I guess it might be some localization of $\mathbb{Q}[X]$ but can't figure out which localization. Any help is appreciated.
I think I've found an argument: Contraction of $R\cap f\mathbb{Q}[X]$ to $\mathbb{Z}[X]$ is $f\mathbb{Z}[X]$ (WLOG assuming $f\in \mathbb{Z}[X]$ with content one). Now $\mathbb{Z}[X]_{f\mathbb{Z}[X]}$ is a Dedekind domain and since $R_{R\cap f\mathbb{Q}[X]}$ is lying in between $\mathbb{Z}[X]_{f\mathbb{Z}[X]}$ and its fraction field $\mathbb{Q}(X)$ so its itself Dedekind and so is noetherian. Anybody care to check this argument or suggest any other argument?
Lemma. Let $A \subseteq B \subseteq K$ be rings, where $A$ is a discrete valuation ring, $B$ is a local ring, $K$ is the fraction field of $A$, and $A \to B$ is a local homomorphism. Then $A = B$.
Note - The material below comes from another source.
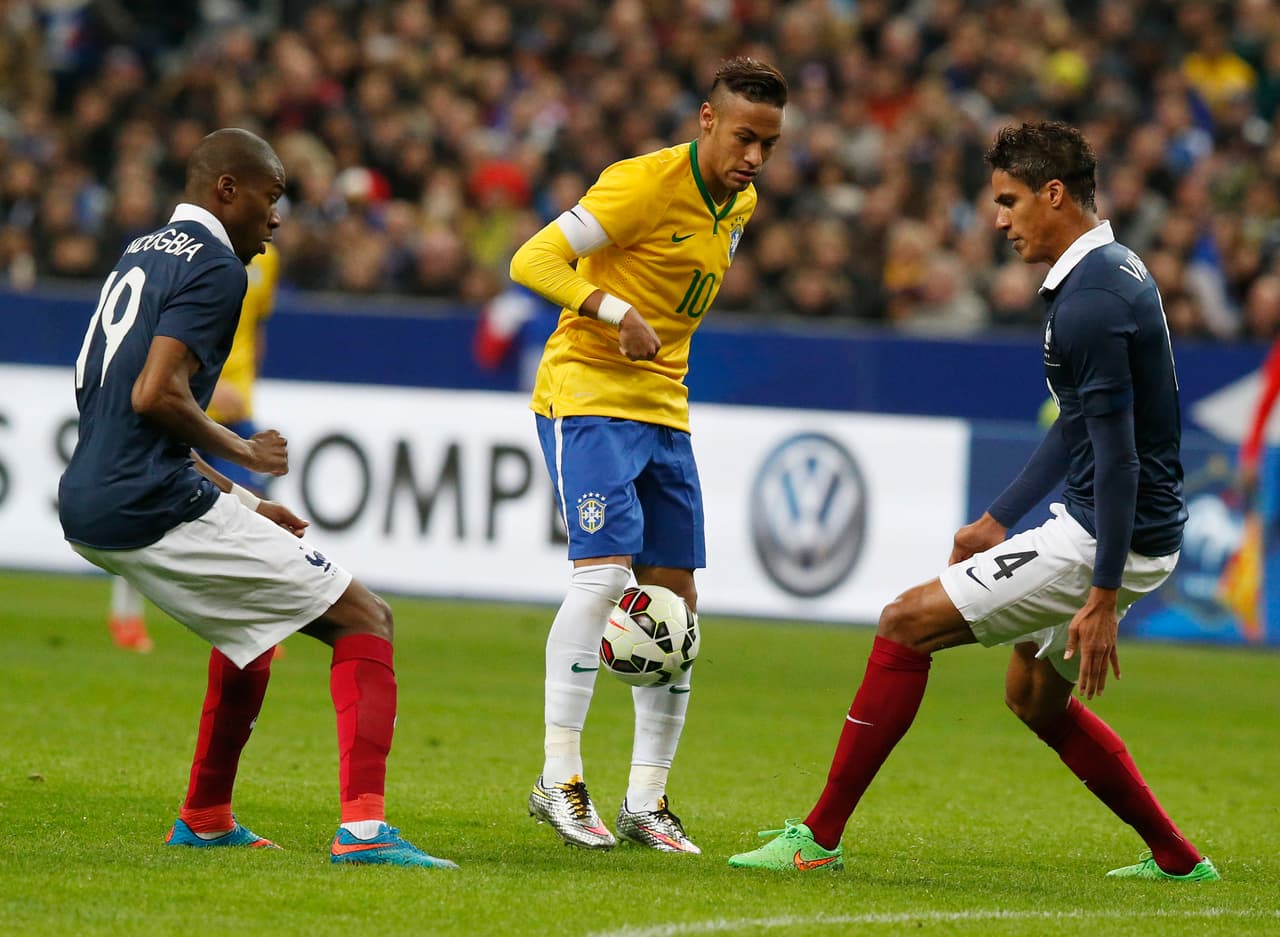 Neymar - Aunque ha estado rodeado de jugadores con talento como Dani Alves, Casemiro, Thiago Silva, la Canarinha con el jugador del PSG como capitán solo ha cosechado decepciones.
Proof. By contradiction there exists $b \in B \setminus A$. Let $v \colon K^* \to \mathbb{Z}$ be the valuation associated to $A$. Since $b \notin A$, we have $v(b) < 0$. Then $v(b^{-1}) > 0$, therefore $b^{-1}$ is in the maximal ideal of $A$. As the homomorphism $A \to B$ is local, $1 = bb^{-1}$ lies in the maximal ideal of $B$, which is impossible. QED
Now consider the following case (which is slightly more general than yours): $f \in \mathbb{Z}[x]$ is primitive and irreducible and $\mathbb{Z}[x] \subseteq R \subseteq \mathbb{Q}[x]$ is any ring. So $f \mathbb{Q} [x] \cap \mathbb{Z}[x] = f \mathbb{Z}[x]$. Thus, if $P := f \mathbb{Q}[x] \cap R$, then $P \cap \mathbb{Z}[x] = f \mathbb{Z}[x]$. The ideal $f \mathbb{Z}[x]$ is prime of height $1$, hence the localisation $A = \mathbb{Z}[x]_{f \mathbb{Z}[x]}$ is a DVR. Moreover, the inclusion $A \hookrightarrow R_P$ is local. By the lemma above, $R_P = A$.